Monday, February 2, 2009

VPB: Not an Abbreviation for a Newly Discovered STD, Perv

Location: on the corner of that one cobbled street in downtown Burlington and one of the four other streets there.

So my roommate and one of my friends from my floor went to Vermont to visit my roommate's boyfriend. On Saturday, we went on a thoroughly informative tour of the Ben and Jerry's factory. Sadly a) the video about these "two real guys" did not actually feature them but instead rehashed the same picture 10 times; b) the tour apparently wasn't informative enough since at the end of the tour one girl as the tour guide how ice cream was made; c) it turned me off of Ben and Jerry's for a long time once my greed and munchies got the better of me. Watching my two friends despondently finish their gargantuan cones (to prove their champ status) completely clinched my moratorium.

Still what's important is that on the way to the factory, my roommate's boyfriend made a reservation to the Vermont Pub and Brewery (henceforth referred to as VPB. This is akin to those halcyon days in 2003 when everytime Weapons of Mass Destruction were mentioned, the publication would necessarily write WMD in parentheses.) for 7:30. Needless to say, we left the dorm at roughly the time we were supposed to be there. It was once we got there that Pat's male instinct kicked in and he refused to ask directions for the location of the restaurant. Still it was surprising that we were lost since, as my roommate astutely pointed out, there are roughly 4 streets in downtown Burlington, of which only one is cobbled. Ultimately, we found the restaurant. And though we had obviously missed our reservation, we were seated pretty quickly. I didn't even have time to observe the cautionary display of fake IDs they had hanging. VPB is clearly no Tantra. (I hope you are paying attention to previous posts)

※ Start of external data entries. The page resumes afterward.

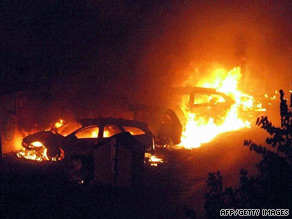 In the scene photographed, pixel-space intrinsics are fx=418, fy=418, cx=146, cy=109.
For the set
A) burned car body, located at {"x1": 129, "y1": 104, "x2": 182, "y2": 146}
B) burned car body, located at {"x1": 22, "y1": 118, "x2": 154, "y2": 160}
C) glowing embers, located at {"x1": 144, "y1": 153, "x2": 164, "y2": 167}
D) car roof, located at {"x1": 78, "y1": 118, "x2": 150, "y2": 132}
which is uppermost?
burned car body, located at {"x1": 129, "y1": 104, "x2": 182, "y2": 146}

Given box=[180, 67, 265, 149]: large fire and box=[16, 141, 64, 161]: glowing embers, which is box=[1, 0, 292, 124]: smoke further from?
box=[16, 141, 64, 161]: glowing embers

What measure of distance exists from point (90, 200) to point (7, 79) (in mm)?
7688

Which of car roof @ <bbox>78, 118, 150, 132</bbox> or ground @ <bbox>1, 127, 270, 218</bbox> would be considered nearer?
ground @ <bbox>1, 127, 270, 218</bbox>

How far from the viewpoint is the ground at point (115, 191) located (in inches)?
300

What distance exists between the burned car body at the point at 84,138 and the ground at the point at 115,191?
1.70ft

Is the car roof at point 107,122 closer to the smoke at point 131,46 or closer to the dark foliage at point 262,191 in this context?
the smoke at point 131,46

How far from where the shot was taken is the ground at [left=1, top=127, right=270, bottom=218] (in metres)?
7.62

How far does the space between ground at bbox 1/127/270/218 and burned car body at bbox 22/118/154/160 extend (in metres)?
0.52

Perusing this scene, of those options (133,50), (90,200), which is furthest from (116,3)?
(90,200)

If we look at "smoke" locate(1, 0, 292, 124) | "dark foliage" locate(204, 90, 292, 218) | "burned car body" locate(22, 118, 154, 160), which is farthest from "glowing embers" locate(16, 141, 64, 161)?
"dark foliage" locate(204, 90, 292, 218)

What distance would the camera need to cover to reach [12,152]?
13.5 metres

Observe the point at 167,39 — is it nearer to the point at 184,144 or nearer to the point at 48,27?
the point at 48,27

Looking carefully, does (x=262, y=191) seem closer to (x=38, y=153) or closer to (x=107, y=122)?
(x=107, y=122)

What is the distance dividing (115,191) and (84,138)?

The menu was a newspaper. It was daunting. For some reason, when I had asked Kelly if $12 would be enough for VPB she said it wouldn't, which is why when I read the menu and saw that everything was under $6, I assumed that it would not be filling. I assumed it would be less than an appetizer. I scoured the menu for items of a higher price, convinced that this 50 item menu was the kid's menu. WRONG. It really hindered the decision-making process. I can only imagine the harrowing experience it would have been for Connie who can't even make a decision at Miyake (I feel no need to further elaborate on our relationship to the restaurant. This is another check on whether or not we have good readers). When the waiter came by, anxiety set in. While Kelly had already debated whether or not to get a grilled cheese AND cheese fries (dairy is her life), I brooded over whether or not I should order the lasagna or some mushroom head concotion? WWEAD (The newspaper-menu also had a section on Ethan Allen: yes, he is the furniture maker, and yes, he is the greatest Vermonter that ever lived). Obvi, I settled for the mushroom thing that was called Bird's Nest or something, but that the waiter simply described as mashed potatoes in a portabella mushroom head. Nice euphemisms, VPB.

Sidenote: All the dishes had really odd names. Pat's and Mikael's was called Holes in the Toad or something bizarre like that. Toad for the Ho (perhaps some sort of abstinence message)? I don't remember.

We got some poppers to begin--they were great. I had never heard of them before but there's something about deep-fried sour cream encrusted jalapenos that my heart yearns for. The service was prompt, the waiters friendly, and the food was really good, and just the right serving size. The only thing I didn't love was the dressing for my mini-salad, but I'm a champ so I ate it anyway.

We sat next to a window, enjoying the sign that alerted us to the fact that it was 10 degrees outside. The lighting was almost as dark as La Lanterna, so it was pretty fucking romantic. And the dinner was accompanied by various tales about the drunken mistakes we college students make and a catalogue of the various places UVM students pass out in (the student center, down the hall, in a random guy's bed, under a tree, parents' bed, and perhaps most bizarrely, someone else's parents' bed).

The total came out to $50 which is some sort of Christmas miracle. Or maybe New York is ridiculously overpriced. (I'm trying to think of a funny third option but it's not coming to me) Maybe it's atonement for the fact that it's so miserably cold and snowy in that state.

Regardless, I was very pleased with the chef. This should balance out Connie's tragic account. We shouldn't laugh at her pain.